The main issue seems that I can't get the SGD solution to match the linear algebra error (via inverse or pseudo-inverse) with either parametrization of the data matrix $X$ (standard polynomials or Hermite polynomials).

e.g.

With Hermite:

-----------------
train_error_pinv = 6.006056840733974e-09
final_sgd_error = [ nan]

With standard:

-----------------
train_error_pinv = 5.205485509746132e-20
final_sgd_error = [ 4.50123644]

Best Answer

Just so you can move beyond your doubts about my comments on the OP, here is the code I originally used which led to my comments. This should show definitively that, yes, it works with Hermite polynomials and therefore the problem has to do with the design matrix. This is stochastic gradient descent with a batch size of 2, compared with the least squares fit. You can also check for yourself that if you comment the Hermite basis and uncomment the basis you are using that SGD no longer works.

set.seed(1234)

N <- 10
x <- seq(from = 0, to = 1, length = N)
mu <- sin(2 * pi * x * 4)
y <- mu
plot(x,y)

X <- cbind(1, poly(x = x, degree = 9))
# X <- sapply(0:9, function(i) x^i)
w <- rnorm(10)

learning_rate <- function(t) .1 / t^(.6)

n_samp <- 2
for(t in 1:100000) {
  mu_hat <- X %*% w
  idx <- sample(1:N, n_samp)
  X_batch <- X[idx,]
  y_batch <- y[idx]
  score_vec <- t(X_batch) %*% (y_batch - X_batch %*% w)

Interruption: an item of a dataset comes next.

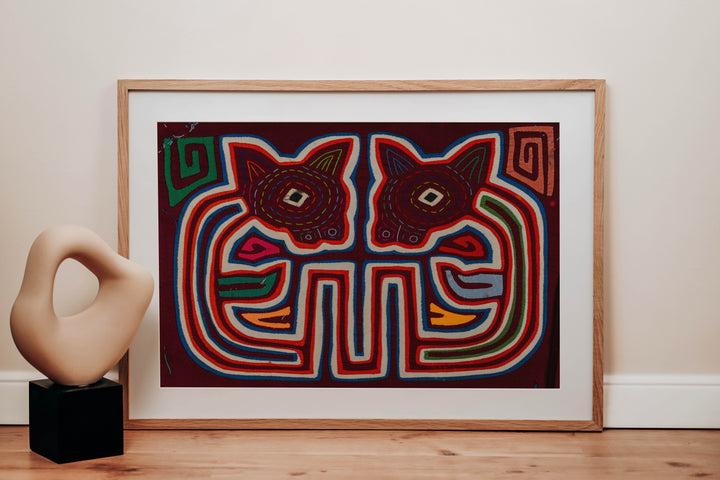 Burgundy And White Jungle Critter Conversation Mola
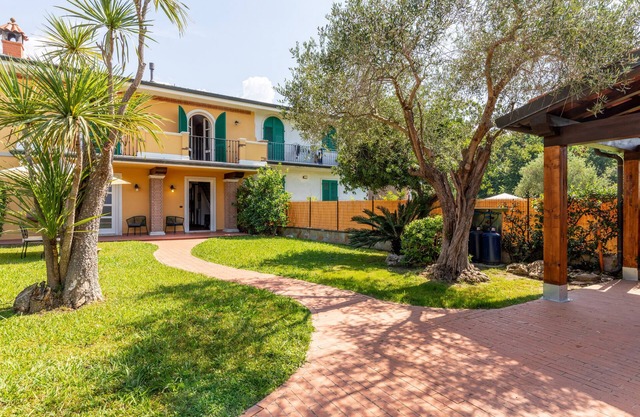 Holiday Home 'Villa Rustica 2' with Lake View, Shared Garden and Air Conditioning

  change <- score_vec * learning_rate(t)
  w <- w + change
}

plot(mu_hat, ylim = c(-1, 1))
lines(mu)
fit_exact <- predict(lm(y ~ X - 1))
lines(fit_exact, col = 'red')
abs(w - coef(lm(y ~ X - 1)))

If you want to apply this fix in general, you can replace your design matrix with the Q matrix from the QR, but this is probably not realistic for problems large enough that you would want to use SGD in the first place.

Hopefully that is helpful, but I'm not going to debug your code.